Note that all maps on this site are only
indicative. You should never set out without the correct OS map.
Years ago, long before electric refrigeration, someone came up
with the bright idea of "capturing" the ice which formed up on the
hills high above Sourton Down. They cut a series of huge rectangular
troughs running, ladder-fashion, across the hill underneath a spring.
Around December time the water from this spring would be allowed,
via a series of gates and runnels, to fill each of the shallow basins.
The inevitable cold - guaranteed on this high part of northern Dartmoor
before the advent of global warming - would soon turn the imprisoned
water to ice, and this would then be covered over by protective
layers of peat and fern for use in spring and summer.
This isn't quite the walk that was featured
on ITV Westcountry's evening news programme recently - but it ends
up in the same place. That is - at the Ice Works.
Basic hike: from Sourton (just south of Okehampton
on the Tavistock road) up onto the moors, heading north east to
the Ice Works and then south onto Sourton Tors. Back via the path
opposite Lake Down.
Recommended map: Ordnance Survey OL28, Dartmoor.
Distance and going: Two and a half miles - easy
going.
Since I learned about the Ice Works
during the writing of a WMN series called Delve Into Dartmoor, I'd
wanted to visit the place - but wasn't quite sure where to find
it. The area around Sourton Tors is pretty extensive and the modern
OS map (Explorer OL28) doesn't show anything in the way of rectangular
remains.
I managed to find the place though. All you do is come off the
A30 on the Sourton Down junction above Okehampton-west, drive a
mile south along the Tavistock road, and you come to the hamlet
of Sourton. Turn left into what passes for a village green, below
the village hall and church, and there's plenty of room to park.
Now it's simply a matter of heading for the high moors which lurk
immediately above the graveyard. Take the footpath which crosses
the old railway line (now the Granite Way cycle-path) and you will
find yourself in one of the old Dartmoor drifts - a sort of stone
walled funnel down which farmers and shepherds once used to herd
their sheep and ponies.
By the way, the old WMN journalist
William Crossing, wrote 100 years ago that the "new" railway looked
set to spoil lonesome Sourton. It didn't, but one can look back
now with amusement over his fears. Crossing said the railway had
"robbed" the place of its moorland character. He needn't have worried
- the Iron Road came and went without leaving too much of a mark
upon the local charm.
At the upper, moorland, end of the funnel the walker is confronted
by a number of choices. A path called the Dartmoor Way swings away
immediately to the left and another proceeds in the opposite direction
- south west. But there's a middle option - a grassy path that curves
up around the base of the steep incline that rises in front of you
- first north-east, then east.
Up this I went, for no other reason than it looked like the best
bet as far as gaining the top of the rocks was concerned. The geology
here is a trifle strange - the Sourton Tors are ranged along a very
steep ridge, but as you ascend the track around the gentler northern
end, so you realise that there' s a second lot of much higher rocks.

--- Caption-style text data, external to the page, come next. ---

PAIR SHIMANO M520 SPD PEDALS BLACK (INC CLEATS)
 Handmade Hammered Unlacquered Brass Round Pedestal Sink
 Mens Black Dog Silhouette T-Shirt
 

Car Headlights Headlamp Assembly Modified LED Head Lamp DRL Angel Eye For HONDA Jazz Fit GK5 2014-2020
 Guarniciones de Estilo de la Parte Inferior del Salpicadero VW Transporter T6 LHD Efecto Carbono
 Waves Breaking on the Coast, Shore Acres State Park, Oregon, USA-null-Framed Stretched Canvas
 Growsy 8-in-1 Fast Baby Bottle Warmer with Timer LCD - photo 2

Between the two there's a shallow moorland basin - it's almost as
if Mother Nature decided where she'd end the north-western limit
of Dartmoor, then changed her mind and had a second shot.
Anyway, it is to the north of all this
- on the slopes leading up from the Okehampton side - that you find
the Ice Works. The first thing you come across is a stone-walled
pit (goodness knows what this was for) and, above, you reach the
rectangular grid of long thin depressions. Each is about four feet
deep and about 75 metres long, but you can see that erosion must
have both raised the level of the actual beds and decreased the
height of their retaining walls.
Things don't get that warm up on Sourton Down even now - and somehow
you can imagine how the ice-men would start coming back up from
Okehampton in springtime to reap their chilly harvest. The ice would
be packed in fern and transported by cart all over South and Mid
Devon.
It would even make it as far as Plymouth where trawler captains
took to using it as a way of keeping the fish fresh. Apparently,
this marked the very beginning of the era when fishermen were able
to go of to sea for days rather than being forced home each night
with their catch.
Having found the strange old place, I marched on
up to the top of the Sourton Tors, before returning to the hamlet
down the little coombe slightly to the east - opposite the great
sweep of hill known as Lake Down.
Before I did, I sat there in the evening light absorbing the vast
panorama that lay before me. When it comes to sunsets, Sourton Tors
offers one of the finest vantage points in the region - you get
to see half of Devon and half of Cornwall darken in the golden gloaming.
And you are just ten minutes walk and a couple of minutes drive
away from the busiest main road in the region.